Последовательно проводившаяся Петром I камералистская мировоззренческая революция скорее ставила под удар перспективы Российской «империи» в смысле сложносоставного политического пространства. Камерализм был идеологией небольших и относительно однородных германских княжеств, и попытка распространить унифицированные регулярные порядки на всю Россию была чревата глобальными потрясениями. В этом отношении камерализм вступал в противоречие с имперскими притязаниями Петра.

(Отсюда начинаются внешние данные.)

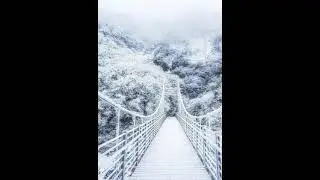 Frozen Bridge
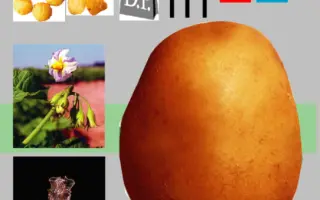 Пироль / Pirol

Так, начавшее формироваться со времен покорения Казани Иваном IV Донское казачье войско играло важную роль в обеспечении безопасности Московии с юга, со стороны Крымского ханства. Защита значительного участка степного пограничья и стратегической транспортной артерии — Дона — стоила Московскому государству сравнительно дешево (главным образом, расходы были связаны с периодической поставкой боеприпасов — пороха и свинца), коль скоро степные колонисты-казаки являлись самостоятельной вооруженной силой. Однако ценой лояльности этого бесплатного пограничного войска была его внутренняя автономия: на казачьей территории власть царя действовала лишь номинально. Аналогичную роль играла Военная граница с Османской империей на Балканах (от Адриатики до Трансильвании) в Австрийском королевстве, где «граничары» (вооруженные поселенцы «военной краины» — сербы, хорваты, валахи и пр.) во время войны составляли треть австрийского войска даже в конце XVIII века. В обмен за службу граничары освобождались от большинства государственных повинностей. Однако Петру I всякие исключения из правил (а пуще того, сферы вне его контроля) претили, а старинный лозунг «с Дона выдачи нет» (который притягивал на Дон беглых крепостных крестьян, преступников и дезертиров из армии) Петр воспринимал как вызов своей власти. Несмотря на жестокое наказание односельчан бежавших крестьян и сослуживцев дезертировавших солдат, люди продолжали бежать на Дон, особенно с масштабных кораблестроительных работ под Воронежем. 6 июля 1707 г. Петр издал указ о сыске беглых на Дону.

В сентябре особый отряд начал прочесывать казачьи станицы на Верхнем Дону, бесцеремонно обращаясь как с рядовыми казаками, так и с казачьей старшиной, демонстрируя полное презрение к донской автономии. В ответ в начале октября сформировался небольшой повстанческий отряд в полторы сотни человек под предводительством атамана городка Бахмут Кондратия Булавина, который разгромил и вырезал значительную часть правительственной экспедиции. Опасаясь появления царского карательного войска и разорения Дона, действия против повстанцев возглавил сам донской атаман Максимов. Он разбил войско повстанцев, однако Булавину удалось бежать в Запорожскую сечь. (Собственно, бахмутские казаки Булавина — потомки выходцев с украинских земель — считались донскими казаками отдельной группой, отношения с которой иногда бывали конфликтными). В начале апреля 1708 г. Булавин вернулся на Дон вместе с запорожскими сторонниками, и вскоре численность повстанцев достигла 20 тысяч человек. 1 мая восставшие захватили столицу Войска Донского Черкасск и разгромили донского атамана. 9 мая Булавин был провозглашен новым атаманом. На подавление восстания правительству удалось собрать войско численностью около 30 тысяч человек, в том числе два полка, присланные украинским гетманом Иваном Мазепой. К концу июля основные части восставших были разгромлены, Булавин убит, Войско Донское присягнуло на верность царю. В результате этих событий восемь донских городков были разрушены, у Войска Донского была отнята часть земель, и оно потеряло автономию.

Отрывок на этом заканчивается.